The general reader may imagine that this will render the Journal unsuited to him. But this is not so, for the general reader is as much, perhaps more, interested, in becoming generally acquainted with these matters, than is even the medical practitioner. All medicines are poisonous; salts are poisonous; senna is poisonous; calomel is poisonous; jalap is poisonous; and the only possible case in which medicine is uninjurious, is, when the poison chosen is specific to the disease, and when it is administered in a quantity no more than is sufficient to cure it; every medicine not so occupied, even though in combination with another medicine, which other acts curatively, exerts a deleterious influence on the human frame. It becomes, therefore, of the highest importance to the general reader, to know something respecting the influence of remedial agents; so that he may be able to judge, not what will be suited to cure his disease, but what is likely to be the mode of practice most favourable to the uninjurious cure of his disease. Thus far, even to the general reader, will the medical department of the Journal be useful. It will also interest, in demonstrating the extensive benefits that do result under the application of the law in medicine, that, in reference to the restoration of health, obedience to this law of the Creator is happiness, disobedience is misery.

It will further impart confidence; since, if a fixed law is demonstrated to exist in medicine, certainty can be realised in the use of medicines; and, at the same time, as the highest skill is required in the selection of the appropriate medicines, it will, by establishing the conviction of the necessity of skill, in conjunction with the recognition of the law, place the enlightened member of the non-medical public in the condition of being determined to be free from the power of destructive empiricism, practised whether by the ignorant pretender, or by the educated physician, not regulated in his practice by the certainty of a fixed law.

It is believed that many, having derived benefit from the application of the homeopathic law, are anxious to diffuse the knowledge of the great truth. But they feel strongly that the medical profession will not aid in the diffusion. They feel that the public can gain the benefits to be gained from homœopathy by the obligation that they, the public, must create by their demand for homoeopathic treatment, that medical men must study homœopathy. The public must create the demand, and medical men will be found to give the supply. As long as the public are content with having the interior of the stomach injured by emetics, the intestines destroyed by purgatives, the kidneys exhausted by stimulating medicines acting thereon, the powers of life overpowered by depletion of blood, by the lancet, by bleeding, by leeching, and then, after being exhausted by these means, being spuriously strengthened by miscalled strengthening medicines, (all which are poisons,)-the medical practitioner, educated to. vomit, to purge, to diurate, to bleed, and to tonic, will continue to minister to the public want, and, in administering, minister death, and not health. The object of the friends of homœopathy is, by affording a knowledge of homœopathy, to produce a new want, thereby create a new demand, and thus ensure a beneficial supply.
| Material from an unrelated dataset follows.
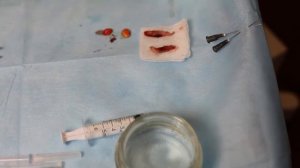 CO2 лазер DEKA для выполнения лазерной блефоропластики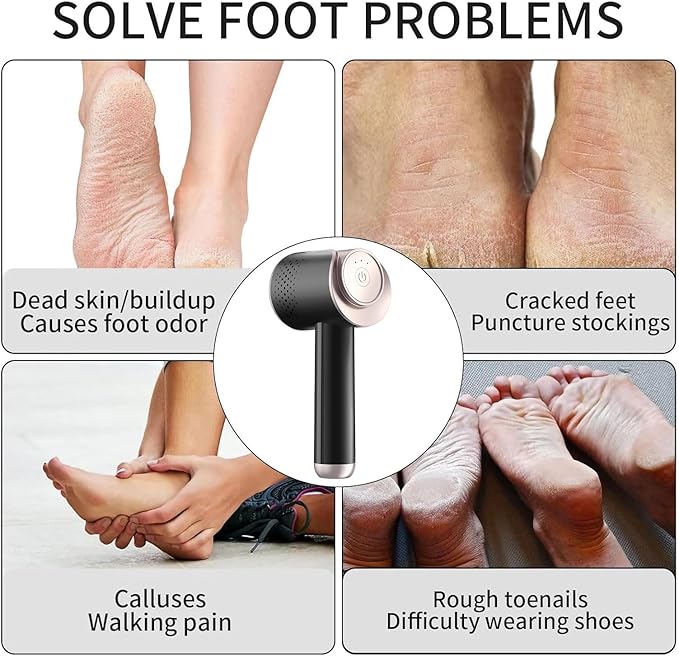 Electric Foot Callus Remover, Rechargeable Foot File Callus Remover for Feet, Portable Foot Scrubber with 10in1 Pedicure Tools for Feet Cracked Heel Dead Skin, 6 Rollers, 3 Speed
The homœopathist, therefore, seeks to create and diffuse

the conviction, that there is a certain, an uninjurious way, by which health can be obtained; and regarding this diffusion a duty he owes to his neighbour, he will willingly, it is believed, co-operate in the attempt to bring before the public, the benefits which he knows have flowed, and will ever flow, from the application of the homoeopathic law.

ACTION OF BODIES IN INFINITESIMAL QUANTITIES.
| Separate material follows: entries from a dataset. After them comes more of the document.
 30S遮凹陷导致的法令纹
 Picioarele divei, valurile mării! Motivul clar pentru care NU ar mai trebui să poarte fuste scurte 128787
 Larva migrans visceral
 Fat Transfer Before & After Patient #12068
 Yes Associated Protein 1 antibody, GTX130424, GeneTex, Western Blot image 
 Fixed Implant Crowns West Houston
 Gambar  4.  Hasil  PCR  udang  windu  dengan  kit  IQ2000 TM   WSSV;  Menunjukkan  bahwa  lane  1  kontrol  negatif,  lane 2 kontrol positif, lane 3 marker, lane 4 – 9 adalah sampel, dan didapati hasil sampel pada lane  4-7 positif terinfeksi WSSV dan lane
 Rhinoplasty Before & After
The impossibility of the millionth part of a grain of medicine acting on the diseased organism is perpetually urged by the opponents of homoeopathy. But all nature testifies to action of matter in infinitesimal quantities.

Chambers, in his essay on the Curiosities of Vegetation, remarks," Zoologists tell us, when speaking of animalcules, that not a drop of stagnant water, not a speck of vegetable or animal tissue, but has its own appropriate inhabitants. The same may be remarked of plants; for we cannot point to a speck of surface, unless chilled by everlasting cold, or parched by continuous drought, that has not its own peculiar vegetation. The spores or seeds of these minute parasites are almost infinitesimally small: they are floating above and around us, unperceived by the naked eye, ready to fall and germinate wherever fitting conditions are presented. Nay, as certain changes in animal tissue are ascribed to animalcules, so have certain changes in organised substances, such as fermentation, been ascribed to vegetable growth. Yeast, according to this view, is a true vegetable, consisting of minute organised cells or spherules, which propagate with amazing rapidity so long as they find their proper nutriment in the fermenting liquid. Nor is there any thing more incredible in the fact, that the little globular yeast plant should extract its nutriment from the fluid on which it floats, than that the water-flannel should extract its starch or lime from the water which it covers."

AN ILLUSTRATION OF THE DESTRUCTIVE FACULTY, URGED ON BY VENERATION.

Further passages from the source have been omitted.